Alvin Stardust - by Johnny Black. (This feature was first published in Music Week in 2010)

Necessity, they say, is the mother of invention, and no-one knows that better than Alvin Stardust.

The night before he exploded onto the mid-70s glitter scene via a mesmerizing first appearance on Top Of The Pops he almost destroyed his chances of appearing at all. Staring at himself in a mirror above the sink in a b+b in London's Sussex Gardens, he realized with shock that, "there was no way I could go on tv looking like that."

The Alvin Stardust story is, without question, one of the most extraordinary tales in British music biz history, filled with twists and turns that no-one would believe if not for the fact that they're all true.

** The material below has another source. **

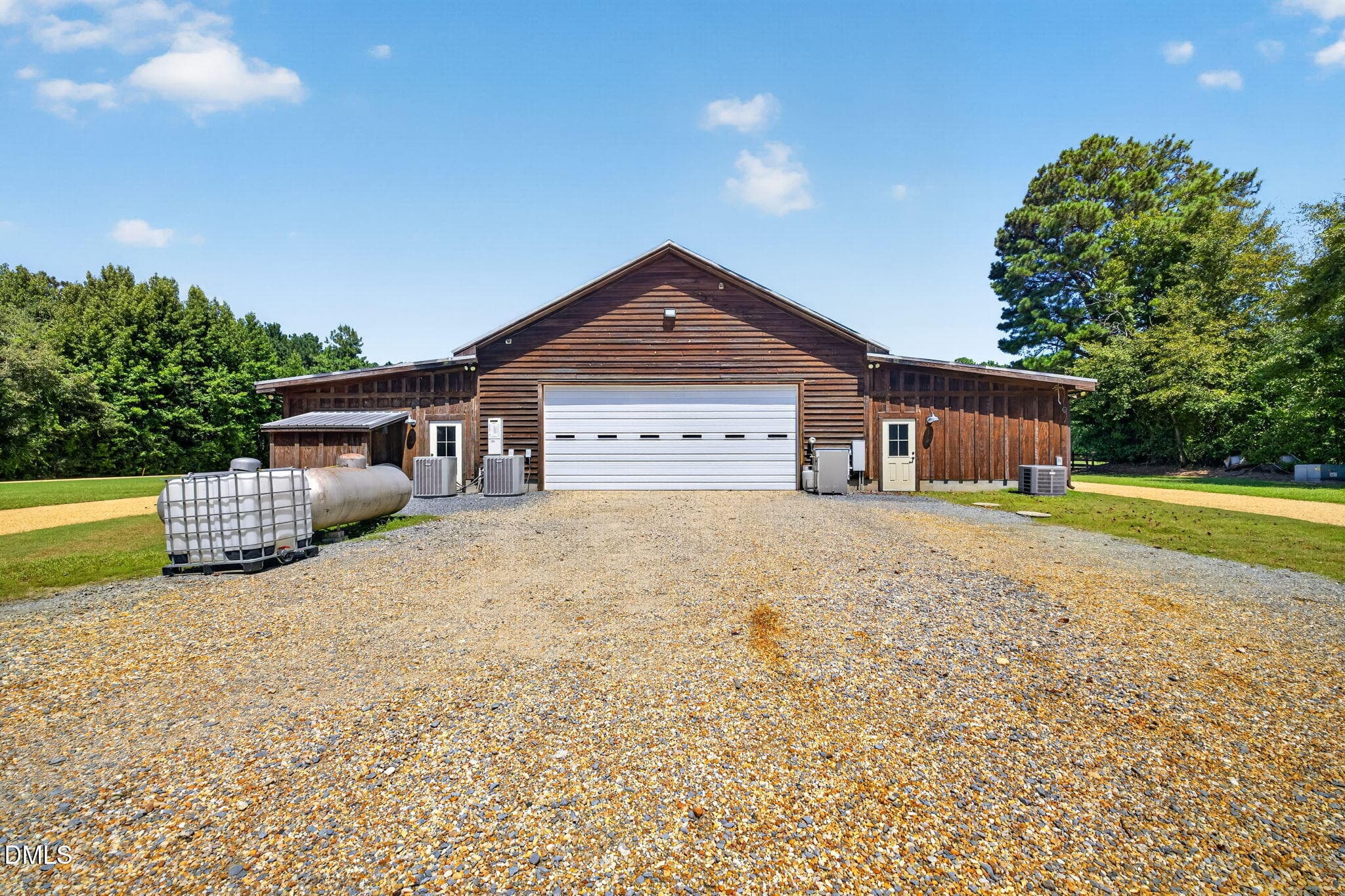 P15_Distillery_Rickhouse_Exterior - 4676 Nc-50, Benson, NC 27504, Benson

The man who was born Bernard Jewry in London's Mile End Road has, for example, twice found fame by inheriting a name that was never intended for him, jammed with Buddy Holly when he was thirteen, turned down a Beatles-penned song that subsequently launched another artist to stardom and created the foundation for an indie label that later became the UK's No1 singles company, but that's just scratching the surface.

Little wonder then that no less an authority than Keith Richards of the Rolling Stones once dubbed him “The Godfather Of British Rock n’ Roll”.

That unforgettable Top Of The Pops moment, for example, came on November 15, 1973. Just one month earlier, the Alvin Stardust who had made his first tv appearance on the pop show Lift Off, was an entirely different person – he was songwriter and producer Peter Shelley.

Shelley, now living and working in Canada, had started Magnet Records earlier that year with former accountant Michael Levy, now Lord Levy. "To get the ball rolling," reveals Shelley, "I decided to invent an artiste and record a one-off single. I wrote, produced and sang My Coo-Ca-Choo."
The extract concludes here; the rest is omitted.